Ao voltarmos para os carros, no estacionamento de terra apareceram duas meninas que tinham cerca de 7 ou 8 anos no máximo, que se aproximaram e começaram a cantar músicas sertanejas, com suas vozinhas afinadas e agudas. Todos ficamos encantados! Elas tinham aparência muito humilde e cantavam naquela parada para receberem algum trocado dos turistas e passantes. Recordo que fiquei compadecido daquelas meninas pobres e as levei em meu coração, mesmo após nos distanciarmos através da estrada. 

Finalmente chegamos a Pirapora do Bom Jesus. Na cidade, lembro-me de passearmos em canoas pelo rio Tietê, apesar da poluição crescente de suas águas, canoas essas tão estreitas, que balançavam, conforme cada passageiro entrava, dando a impressão de que viraria e jogaria todos ao rio. Mas o que marcou e está marcado até hoje em meu coração, foi a visita ao Santuário. Atrás do presbitério havia uma espécie de corredor bem estreito por onde os peregrinos passavam para ver a imagem do Bom Jesus, humilhado durante a Sua Paixão. Os peregrinos avançavam a passos lentos, parando abaixo da imagem do Ecce Homo por alguns instantes, dando tempo apenas para fazer uma breve oração.  

Eu estava na fila, como todos, e próximo a mim estava a Vera, mãe da namorada de meu irmão mais velho. Conforme avançávamos e eu olhava para a imagem do Bom Jesus, eu senti algo muito estranho, difícil de descrever, mas que fazia meu coração arder e bater mais acelerado à medida que me aproximava da imagem.
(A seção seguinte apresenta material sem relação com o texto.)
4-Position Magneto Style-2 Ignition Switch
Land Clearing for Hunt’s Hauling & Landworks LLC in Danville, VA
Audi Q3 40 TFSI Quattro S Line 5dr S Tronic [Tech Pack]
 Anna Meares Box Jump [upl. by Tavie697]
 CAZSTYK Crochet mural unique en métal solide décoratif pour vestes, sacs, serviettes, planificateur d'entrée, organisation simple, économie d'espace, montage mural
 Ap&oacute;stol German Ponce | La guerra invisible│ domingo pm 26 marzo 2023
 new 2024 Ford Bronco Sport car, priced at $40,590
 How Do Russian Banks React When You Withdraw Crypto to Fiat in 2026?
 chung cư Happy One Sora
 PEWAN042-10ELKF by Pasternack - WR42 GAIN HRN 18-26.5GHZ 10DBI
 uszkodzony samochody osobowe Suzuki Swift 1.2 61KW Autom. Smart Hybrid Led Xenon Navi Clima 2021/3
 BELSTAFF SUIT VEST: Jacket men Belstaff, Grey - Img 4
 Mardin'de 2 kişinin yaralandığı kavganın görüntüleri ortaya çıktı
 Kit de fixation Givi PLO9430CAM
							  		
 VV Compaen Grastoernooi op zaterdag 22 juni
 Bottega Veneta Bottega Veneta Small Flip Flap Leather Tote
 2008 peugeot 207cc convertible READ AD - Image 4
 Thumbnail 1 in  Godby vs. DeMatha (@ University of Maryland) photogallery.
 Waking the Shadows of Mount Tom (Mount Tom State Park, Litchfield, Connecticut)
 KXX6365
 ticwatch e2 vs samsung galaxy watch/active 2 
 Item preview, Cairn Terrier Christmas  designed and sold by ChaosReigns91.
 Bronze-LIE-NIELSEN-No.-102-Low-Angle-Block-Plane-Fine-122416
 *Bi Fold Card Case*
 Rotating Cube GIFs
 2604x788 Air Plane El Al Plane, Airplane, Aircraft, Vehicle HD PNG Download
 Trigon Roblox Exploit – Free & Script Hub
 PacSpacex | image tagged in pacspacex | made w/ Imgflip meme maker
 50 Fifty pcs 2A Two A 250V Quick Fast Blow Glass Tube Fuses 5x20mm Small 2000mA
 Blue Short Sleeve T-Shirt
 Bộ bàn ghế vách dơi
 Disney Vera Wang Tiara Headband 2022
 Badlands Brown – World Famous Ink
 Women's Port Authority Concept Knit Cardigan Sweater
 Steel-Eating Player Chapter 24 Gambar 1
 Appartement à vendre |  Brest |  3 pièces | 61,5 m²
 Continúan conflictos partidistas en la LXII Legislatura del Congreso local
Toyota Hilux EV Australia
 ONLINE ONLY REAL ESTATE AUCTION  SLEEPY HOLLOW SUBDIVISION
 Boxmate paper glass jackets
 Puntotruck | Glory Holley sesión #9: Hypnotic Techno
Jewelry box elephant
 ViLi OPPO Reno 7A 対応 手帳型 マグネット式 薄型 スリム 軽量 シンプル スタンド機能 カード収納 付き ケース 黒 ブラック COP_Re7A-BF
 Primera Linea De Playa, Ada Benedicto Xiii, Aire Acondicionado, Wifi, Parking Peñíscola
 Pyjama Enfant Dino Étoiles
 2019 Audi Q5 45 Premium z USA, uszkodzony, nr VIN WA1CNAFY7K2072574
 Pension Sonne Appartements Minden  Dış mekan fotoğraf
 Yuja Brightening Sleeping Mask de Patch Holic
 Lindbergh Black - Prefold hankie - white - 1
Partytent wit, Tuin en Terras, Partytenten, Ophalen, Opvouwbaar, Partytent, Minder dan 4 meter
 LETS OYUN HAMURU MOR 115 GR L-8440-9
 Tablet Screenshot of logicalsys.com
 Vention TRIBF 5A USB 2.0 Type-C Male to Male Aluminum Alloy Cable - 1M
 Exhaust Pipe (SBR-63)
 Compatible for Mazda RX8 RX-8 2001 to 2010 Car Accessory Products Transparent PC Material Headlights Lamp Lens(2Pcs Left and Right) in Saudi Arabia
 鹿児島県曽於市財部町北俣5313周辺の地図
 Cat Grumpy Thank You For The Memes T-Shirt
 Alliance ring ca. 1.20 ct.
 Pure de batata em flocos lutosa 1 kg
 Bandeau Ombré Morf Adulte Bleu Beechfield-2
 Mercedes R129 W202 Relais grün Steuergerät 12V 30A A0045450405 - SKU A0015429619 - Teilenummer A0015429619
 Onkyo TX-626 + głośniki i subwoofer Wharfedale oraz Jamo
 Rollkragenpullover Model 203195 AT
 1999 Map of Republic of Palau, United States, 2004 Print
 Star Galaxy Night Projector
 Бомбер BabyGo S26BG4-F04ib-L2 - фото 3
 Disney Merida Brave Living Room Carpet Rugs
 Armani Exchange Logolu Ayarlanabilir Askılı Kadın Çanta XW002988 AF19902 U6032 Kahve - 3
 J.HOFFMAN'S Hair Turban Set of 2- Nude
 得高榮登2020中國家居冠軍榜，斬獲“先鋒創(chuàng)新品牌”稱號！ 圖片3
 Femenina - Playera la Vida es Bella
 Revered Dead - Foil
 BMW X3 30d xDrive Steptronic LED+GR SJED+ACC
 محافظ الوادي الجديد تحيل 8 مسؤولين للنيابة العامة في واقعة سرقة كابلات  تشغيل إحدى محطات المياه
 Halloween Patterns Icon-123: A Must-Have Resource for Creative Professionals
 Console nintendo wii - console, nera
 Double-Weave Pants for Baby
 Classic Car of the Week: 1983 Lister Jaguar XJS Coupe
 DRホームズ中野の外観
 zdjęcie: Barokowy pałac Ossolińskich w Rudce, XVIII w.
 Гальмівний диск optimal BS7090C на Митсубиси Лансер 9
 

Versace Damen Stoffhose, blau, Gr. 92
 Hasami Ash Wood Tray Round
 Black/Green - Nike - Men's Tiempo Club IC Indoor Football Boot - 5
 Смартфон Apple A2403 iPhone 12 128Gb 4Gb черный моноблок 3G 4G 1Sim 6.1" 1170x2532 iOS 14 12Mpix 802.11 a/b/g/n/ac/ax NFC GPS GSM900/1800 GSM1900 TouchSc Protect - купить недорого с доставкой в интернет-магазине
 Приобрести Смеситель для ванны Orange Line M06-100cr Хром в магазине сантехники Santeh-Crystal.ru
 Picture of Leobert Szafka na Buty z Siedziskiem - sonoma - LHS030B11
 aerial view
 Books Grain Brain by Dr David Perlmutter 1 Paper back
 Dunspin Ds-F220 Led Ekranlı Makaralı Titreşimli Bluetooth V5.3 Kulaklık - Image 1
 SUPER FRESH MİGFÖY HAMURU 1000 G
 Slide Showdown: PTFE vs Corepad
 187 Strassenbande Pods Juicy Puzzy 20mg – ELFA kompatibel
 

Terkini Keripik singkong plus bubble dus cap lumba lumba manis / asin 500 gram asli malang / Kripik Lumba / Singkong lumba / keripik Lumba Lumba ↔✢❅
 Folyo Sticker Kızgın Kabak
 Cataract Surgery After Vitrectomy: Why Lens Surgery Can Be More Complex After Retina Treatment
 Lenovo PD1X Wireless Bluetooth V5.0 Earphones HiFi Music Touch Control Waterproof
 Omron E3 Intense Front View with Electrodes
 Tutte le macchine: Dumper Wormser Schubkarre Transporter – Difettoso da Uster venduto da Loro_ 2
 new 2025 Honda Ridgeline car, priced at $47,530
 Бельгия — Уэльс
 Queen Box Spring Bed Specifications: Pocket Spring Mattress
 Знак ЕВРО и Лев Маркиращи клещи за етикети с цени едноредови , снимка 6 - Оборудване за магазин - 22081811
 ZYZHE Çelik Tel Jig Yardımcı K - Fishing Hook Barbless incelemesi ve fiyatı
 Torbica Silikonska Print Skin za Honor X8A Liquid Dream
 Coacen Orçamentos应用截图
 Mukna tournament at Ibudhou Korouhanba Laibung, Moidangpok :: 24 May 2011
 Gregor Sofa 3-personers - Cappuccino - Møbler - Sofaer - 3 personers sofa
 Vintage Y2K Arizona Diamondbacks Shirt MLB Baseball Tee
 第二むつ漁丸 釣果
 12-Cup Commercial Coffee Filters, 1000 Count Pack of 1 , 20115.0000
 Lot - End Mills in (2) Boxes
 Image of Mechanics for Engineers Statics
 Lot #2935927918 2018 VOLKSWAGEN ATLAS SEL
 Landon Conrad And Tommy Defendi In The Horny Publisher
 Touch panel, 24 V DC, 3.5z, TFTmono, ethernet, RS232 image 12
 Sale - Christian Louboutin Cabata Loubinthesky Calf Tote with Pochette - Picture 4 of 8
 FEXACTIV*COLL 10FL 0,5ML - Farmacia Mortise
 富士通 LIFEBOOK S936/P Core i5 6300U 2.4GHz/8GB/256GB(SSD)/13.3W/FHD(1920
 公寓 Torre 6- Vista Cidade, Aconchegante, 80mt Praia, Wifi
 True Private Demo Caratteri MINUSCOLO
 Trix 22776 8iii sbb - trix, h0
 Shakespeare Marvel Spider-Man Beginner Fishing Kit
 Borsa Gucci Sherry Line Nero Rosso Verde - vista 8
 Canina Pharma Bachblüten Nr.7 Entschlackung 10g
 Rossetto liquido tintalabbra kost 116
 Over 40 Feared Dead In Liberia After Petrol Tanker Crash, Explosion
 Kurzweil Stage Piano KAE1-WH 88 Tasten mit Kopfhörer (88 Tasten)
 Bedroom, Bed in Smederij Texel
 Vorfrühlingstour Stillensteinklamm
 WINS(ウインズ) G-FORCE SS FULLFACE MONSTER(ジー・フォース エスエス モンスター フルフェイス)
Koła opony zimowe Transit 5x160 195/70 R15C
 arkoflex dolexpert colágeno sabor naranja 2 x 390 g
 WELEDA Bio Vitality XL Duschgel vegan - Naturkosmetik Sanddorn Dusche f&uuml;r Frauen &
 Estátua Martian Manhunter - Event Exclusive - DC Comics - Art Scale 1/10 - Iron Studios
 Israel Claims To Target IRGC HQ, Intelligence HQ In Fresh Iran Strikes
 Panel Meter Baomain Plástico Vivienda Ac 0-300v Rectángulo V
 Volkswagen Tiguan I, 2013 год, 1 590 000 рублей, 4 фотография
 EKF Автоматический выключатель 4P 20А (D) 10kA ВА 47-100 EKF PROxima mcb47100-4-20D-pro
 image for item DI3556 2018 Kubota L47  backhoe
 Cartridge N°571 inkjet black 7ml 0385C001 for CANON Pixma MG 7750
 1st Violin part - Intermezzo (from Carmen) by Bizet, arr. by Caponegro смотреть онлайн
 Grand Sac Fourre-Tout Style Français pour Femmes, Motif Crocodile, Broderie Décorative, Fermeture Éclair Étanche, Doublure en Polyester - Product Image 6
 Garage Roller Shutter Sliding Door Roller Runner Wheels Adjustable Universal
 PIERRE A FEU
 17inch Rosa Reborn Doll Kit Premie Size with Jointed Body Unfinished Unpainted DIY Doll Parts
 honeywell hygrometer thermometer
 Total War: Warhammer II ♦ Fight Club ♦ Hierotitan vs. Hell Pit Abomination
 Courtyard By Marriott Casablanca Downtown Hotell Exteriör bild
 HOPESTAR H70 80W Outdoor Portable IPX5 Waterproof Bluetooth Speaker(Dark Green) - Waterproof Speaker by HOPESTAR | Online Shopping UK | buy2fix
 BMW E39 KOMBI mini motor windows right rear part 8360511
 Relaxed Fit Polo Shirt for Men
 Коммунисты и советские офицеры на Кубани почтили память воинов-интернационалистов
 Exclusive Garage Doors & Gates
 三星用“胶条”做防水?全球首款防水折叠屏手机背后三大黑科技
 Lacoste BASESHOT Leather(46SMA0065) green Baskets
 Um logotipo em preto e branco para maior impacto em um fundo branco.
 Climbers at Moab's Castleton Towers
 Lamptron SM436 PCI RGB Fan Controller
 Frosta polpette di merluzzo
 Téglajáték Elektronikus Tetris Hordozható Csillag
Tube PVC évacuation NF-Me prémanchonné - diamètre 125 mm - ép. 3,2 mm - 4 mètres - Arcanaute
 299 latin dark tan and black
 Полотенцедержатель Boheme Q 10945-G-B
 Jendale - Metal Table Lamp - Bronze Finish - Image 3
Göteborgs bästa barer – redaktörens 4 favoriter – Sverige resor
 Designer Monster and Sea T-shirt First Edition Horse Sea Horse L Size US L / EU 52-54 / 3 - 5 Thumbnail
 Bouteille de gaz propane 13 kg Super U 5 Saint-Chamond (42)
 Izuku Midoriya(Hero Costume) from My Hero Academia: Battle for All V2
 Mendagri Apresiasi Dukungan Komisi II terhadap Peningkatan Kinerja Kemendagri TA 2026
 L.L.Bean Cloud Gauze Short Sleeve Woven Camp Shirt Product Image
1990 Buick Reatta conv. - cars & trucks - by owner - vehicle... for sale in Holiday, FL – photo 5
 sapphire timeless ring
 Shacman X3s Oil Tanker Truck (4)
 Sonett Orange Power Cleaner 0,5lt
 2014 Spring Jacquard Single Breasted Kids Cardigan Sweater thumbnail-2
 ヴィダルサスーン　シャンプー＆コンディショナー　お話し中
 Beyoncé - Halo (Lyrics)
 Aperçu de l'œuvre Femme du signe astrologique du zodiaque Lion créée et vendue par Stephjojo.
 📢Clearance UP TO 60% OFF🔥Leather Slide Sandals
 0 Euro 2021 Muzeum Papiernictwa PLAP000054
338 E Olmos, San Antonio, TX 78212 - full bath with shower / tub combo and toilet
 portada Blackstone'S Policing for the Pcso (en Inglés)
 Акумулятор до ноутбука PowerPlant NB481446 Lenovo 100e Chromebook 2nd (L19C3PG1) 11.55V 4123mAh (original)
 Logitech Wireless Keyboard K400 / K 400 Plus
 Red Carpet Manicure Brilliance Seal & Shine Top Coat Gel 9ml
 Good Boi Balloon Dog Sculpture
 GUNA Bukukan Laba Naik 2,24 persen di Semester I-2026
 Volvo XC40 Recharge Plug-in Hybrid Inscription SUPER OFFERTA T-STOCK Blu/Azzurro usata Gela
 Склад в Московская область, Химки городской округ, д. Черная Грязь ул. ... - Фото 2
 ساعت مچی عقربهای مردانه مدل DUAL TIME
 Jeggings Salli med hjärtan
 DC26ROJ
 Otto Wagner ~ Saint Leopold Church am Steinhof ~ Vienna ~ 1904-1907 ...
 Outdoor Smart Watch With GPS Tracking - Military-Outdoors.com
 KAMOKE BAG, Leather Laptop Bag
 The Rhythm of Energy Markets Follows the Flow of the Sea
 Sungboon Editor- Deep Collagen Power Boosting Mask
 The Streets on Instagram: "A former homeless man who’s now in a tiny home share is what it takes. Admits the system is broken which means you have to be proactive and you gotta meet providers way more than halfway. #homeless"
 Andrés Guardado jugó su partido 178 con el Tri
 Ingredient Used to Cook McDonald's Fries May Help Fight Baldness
Quando chegou a minha vez de estar abaixo do Bom Jesus, fiz uma breve oração e segui o caminho para a saída.  

Estando no exterior do Santuário, a Vera perguntou-me ao ouvido: “O que você pediu?” E eu lhe disse: “Pedi por aquelas menininhas que vimos cantando”. A Vera emocionou-se e me abraçou, sem dizer nada.  

Eis uma experiência de fé simples, mas que trago comigo há mais de 50 anos. 

Penso em tantas crianças cujos pais lhes deram a vida, mas não o que é mais importante após a geração daquela vida: a FÉ. Se estes pais lhes presenteassem com fé, principalmente como testemunho próprio, possibilitando pequenas experiências como esta, com certeza teríamos mais pessoas amantes da vida e do próximo.  

Infelizmente, por falta de opção na vida, falta essa gerada, em sua maioria, por pais e padrinhos indiferentes à fé, muitas crianças caminham segundo o mundo (pouquíssimas fazendo o bem) e a maioria forma uma massa indiferente a tudo o que acontece.